WHO SHOULD ATTEND: all interested funders.

PROGRAM DESCRIPTION

  • How can parents, principals, and districts know whether teachers are effective?
  • How can schools and districts recruit and retain effective teachers?
  • How can they help teachers in all schools become more effective?
  • Can New York find a middle ground?

Educators, researchers, and policymakers are reaching consensus that teaching effectiveness is the “most important schooling factor influencing student achievement”  [cited in EdWeek, April 28, 2010]. But they are not even close to agreement on what to do about it.  In a March meeting with New York grantmakers, State Education Commissioner David Steiner characterized the debate as “bipolar” – and said he wants the State to find a middle ground. Regents Chancellor Merryl Tisch echoed the desire to find a middle ground in an April meeting with education funders: the Regents, she said, want to improve both recruitment and pre-service training and also retention and in-service professional development. Yet, the research on how to attract, support, retain – and equitably distribute – effective teachers across school districts isn’t clear or simple. 

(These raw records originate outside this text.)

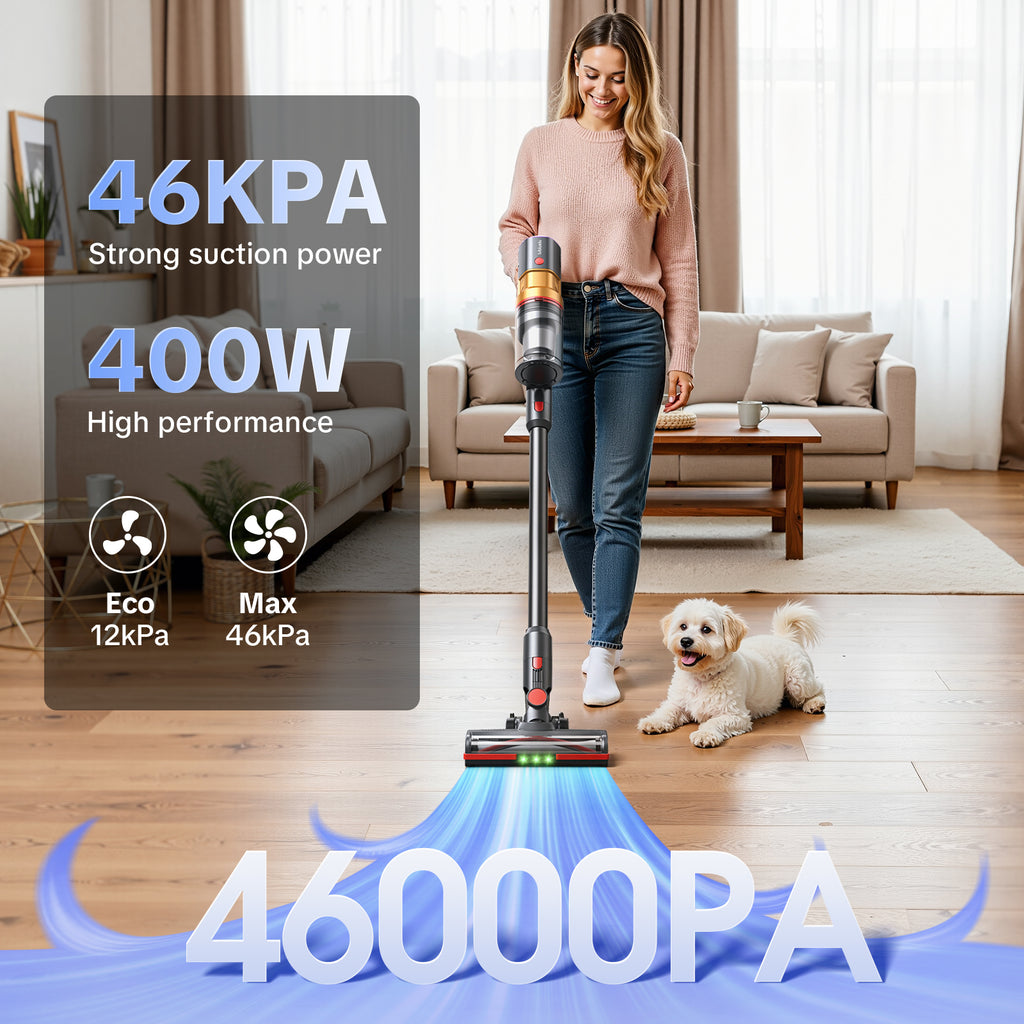 Lubluelu X1000 Aspirateur balai sans fil avec batterie et station de dépoussiérage à vidange automatique, 2,5 L - Or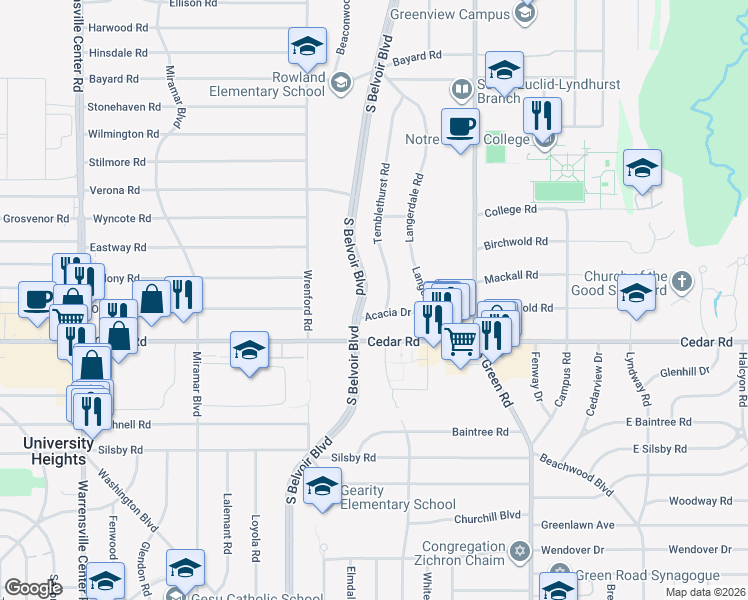 map of restaurants, bars, coffee shops, grocery stores, and more near 4342 Acacia Drive in South Euclid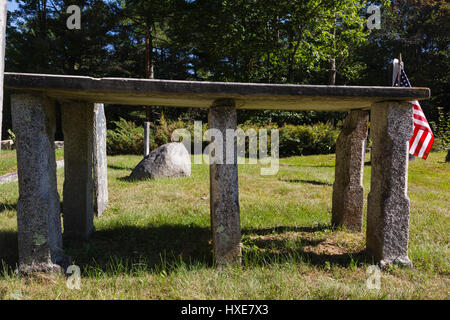 Burial site of Rev. Parson Samuel Hidden in cemetery located next to Ordination Rock in Tamworth, New Hampshire USA. Stock Photo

You are invited to participate in a conversation between one of the key researchers in the field, Susan Moore Johnson of Harvard University, herself a former teacher and district administrator, who is leading Harvard’s “Project on the Next Generation,” and Fred Frelow of the Ford Foundation, also a former teacher and district administrator, who is leading Ford’s Transforming Secondary Education Initiative.